Ankara böyle giderse Türkiye için hiçbir şey elde edemez
Cumhuriyet, Türk hükümetinin AB'yi, ABD'yi ve Nato'yu sakinleştirmek için ülkenin çıkarlarını riske atmasını eleştiriyor:
“AKP hükümeti ... şimdi geri adım atıp Yunanistan’la masaya oturuyor! AKP hükümeti, Atina’yla masaya oturabilmek için önceki iddialarından geri adım atarak Oruç Reis araştırma gemisini Antalya Körfezi açıklarına çekiyor, ardından da Atina’nın şartlı-sınırlı gündemini kabul ediyor. ... Tüm bunlar, ekonomik olarak sıkışmış AKP hükümetinin, Joe Biden’ın göreve başlayacağı 20 Ocak, NATO toplantısının yapılacağı 17 Şubat ve AB zirvesinin toplanacağı 25 Mart eşiklerini atlatabilmek için.

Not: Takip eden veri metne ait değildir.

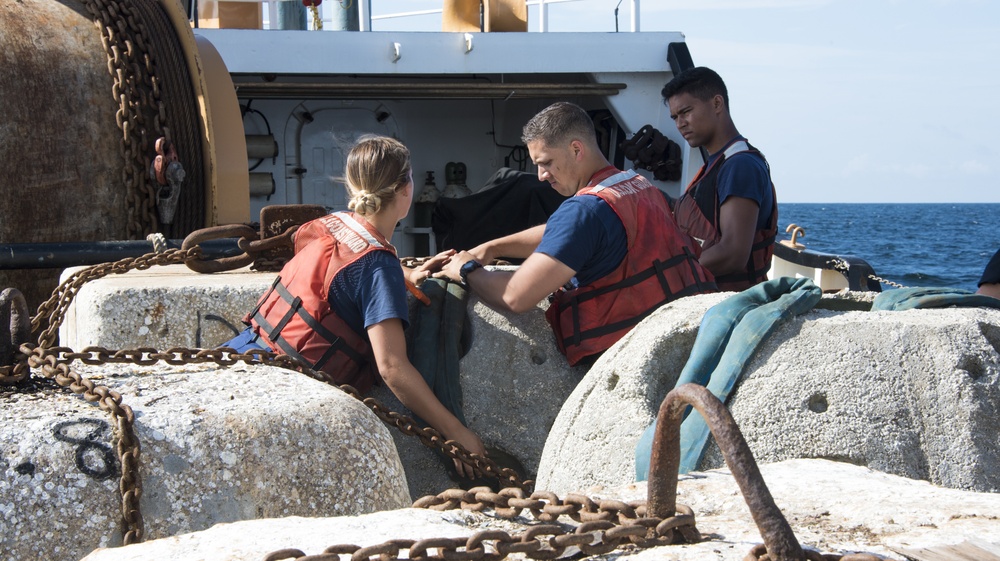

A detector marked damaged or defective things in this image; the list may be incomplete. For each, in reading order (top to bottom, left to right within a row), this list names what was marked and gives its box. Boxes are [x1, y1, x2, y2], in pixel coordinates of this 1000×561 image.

rusty chain [264, 484, 704, 556]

AKP, bu eşikleri aşarak kendi iktidarı için zaman kazanabilir ancak attığı geri adımla ve bu sürecin daha başında verdiği tavizle Türkiye’nin çıkarlarını riske atmış oldu.”
Şimdi empati zamanı
Handelsblatt Türkiye muhabiri Ozan Demircan, 2021'in AB-Ankara arasında bir yakınlaşma yılına nasıl dönüşebileceğini anlatıyor:
“Baskı yapmadan olmayacaktır, ama Amerikalılar ve Avrupalılar baskının dozajını iyi ayarlamalı. Yaptırımlar kısa vadede acıtabilir. Uzun vadede ise Türkiye'nin rotasını değiştirmesine neden olacaktır. En doğrusu, ortak projeleri siyasi yakınlaşmayla ilişkilendirmek. Mesela iki tarafın da yararına olacak yeni bir gümrük birliği. Öte yandan diyalog bugün her zamankinden önemli. ... İki tarafta da bugüne değin eksik olan empatiydi. Taraflar ancak birbirlerine mecbur olduklarını kabul ettiklerinde bir yakınlaşma mümkün olabilir. Ankara ve Atina yönetimleri bunu şimdi kanıtlayabilir.”